> HOW TO COMPLETE THIS TASK:
In the listing below, locate the lines that hold the string "Pack". Copy those lines.

> SUPPLIED MATERIAL:
....................
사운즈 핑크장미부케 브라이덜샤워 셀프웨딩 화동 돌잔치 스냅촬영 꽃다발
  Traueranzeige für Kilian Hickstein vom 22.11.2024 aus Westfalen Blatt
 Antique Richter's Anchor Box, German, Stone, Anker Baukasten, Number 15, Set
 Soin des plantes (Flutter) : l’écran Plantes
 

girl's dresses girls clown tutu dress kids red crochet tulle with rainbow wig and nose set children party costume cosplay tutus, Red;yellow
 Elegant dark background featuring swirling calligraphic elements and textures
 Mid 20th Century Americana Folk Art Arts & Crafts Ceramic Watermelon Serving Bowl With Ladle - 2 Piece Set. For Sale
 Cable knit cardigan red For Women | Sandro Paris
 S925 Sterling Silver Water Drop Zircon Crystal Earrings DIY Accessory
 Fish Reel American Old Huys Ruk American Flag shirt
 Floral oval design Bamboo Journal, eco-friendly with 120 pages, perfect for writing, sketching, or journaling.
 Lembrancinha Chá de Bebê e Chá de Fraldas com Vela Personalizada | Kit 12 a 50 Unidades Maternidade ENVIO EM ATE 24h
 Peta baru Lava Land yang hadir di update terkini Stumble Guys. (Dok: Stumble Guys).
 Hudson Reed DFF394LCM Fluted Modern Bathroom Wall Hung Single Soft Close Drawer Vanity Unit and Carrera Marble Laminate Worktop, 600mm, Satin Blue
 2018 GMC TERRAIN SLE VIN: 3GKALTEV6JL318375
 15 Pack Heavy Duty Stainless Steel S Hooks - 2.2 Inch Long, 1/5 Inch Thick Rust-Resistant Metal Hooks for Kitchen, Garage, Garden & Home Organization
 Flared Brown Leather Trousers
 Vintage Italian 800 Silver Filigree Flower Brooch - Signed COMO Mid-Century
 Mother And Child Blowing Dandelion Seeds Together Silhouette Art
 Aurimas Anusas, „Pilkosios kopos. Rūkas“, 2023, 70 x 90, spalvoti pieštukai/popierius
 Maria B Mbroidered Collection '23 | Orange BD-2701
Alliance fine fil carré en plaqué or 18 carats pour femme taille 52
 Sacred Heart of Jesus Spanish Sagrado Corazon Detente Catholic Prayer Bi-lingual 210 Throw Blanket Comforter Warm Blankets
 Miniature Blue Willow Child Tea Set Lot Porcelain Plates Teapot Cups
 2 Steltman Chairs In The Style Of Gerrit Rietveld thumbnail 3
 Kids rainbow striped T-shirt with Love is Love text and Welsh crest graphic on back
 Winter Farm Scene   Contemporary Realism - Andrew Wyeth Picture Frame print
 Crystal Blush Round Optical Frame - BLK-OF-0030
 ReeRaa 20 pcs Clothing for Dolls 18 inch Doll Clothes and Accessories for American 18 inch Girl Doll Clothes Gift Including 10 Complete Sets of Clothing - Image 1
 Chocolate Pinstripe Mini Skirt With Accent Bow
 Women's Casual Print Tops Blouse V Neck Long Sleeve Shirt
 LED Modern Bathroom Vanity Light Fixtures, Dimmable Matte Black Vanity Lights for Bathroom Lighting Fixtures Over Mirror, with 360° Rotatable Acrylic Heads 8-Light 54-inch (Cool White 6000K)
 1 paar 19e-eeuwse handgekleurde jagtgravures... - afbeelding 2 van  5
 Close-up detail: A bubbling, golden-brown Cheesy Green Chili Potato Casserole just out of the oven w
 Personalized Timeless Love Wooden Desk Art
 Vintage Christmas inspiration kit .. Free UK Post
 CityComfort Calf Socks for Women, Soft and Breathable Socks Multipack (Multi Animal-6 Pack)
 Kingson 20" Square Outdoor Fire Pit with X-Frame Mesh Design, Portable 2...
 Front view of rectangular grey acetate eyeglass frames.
....................
> THE ANSWER:
 15 Pack Heavy Duty Stainless Steel S Hooks - 2.2 Inch Long, 1/5 Inch Thick Rust-Resistant Metal Hooks for Kitchen, Garage, Garden & Home Organization
 CityComfort Calf Socks for Women, Soft and Breathable Socks Multipack (Multi Animal-6 Pack)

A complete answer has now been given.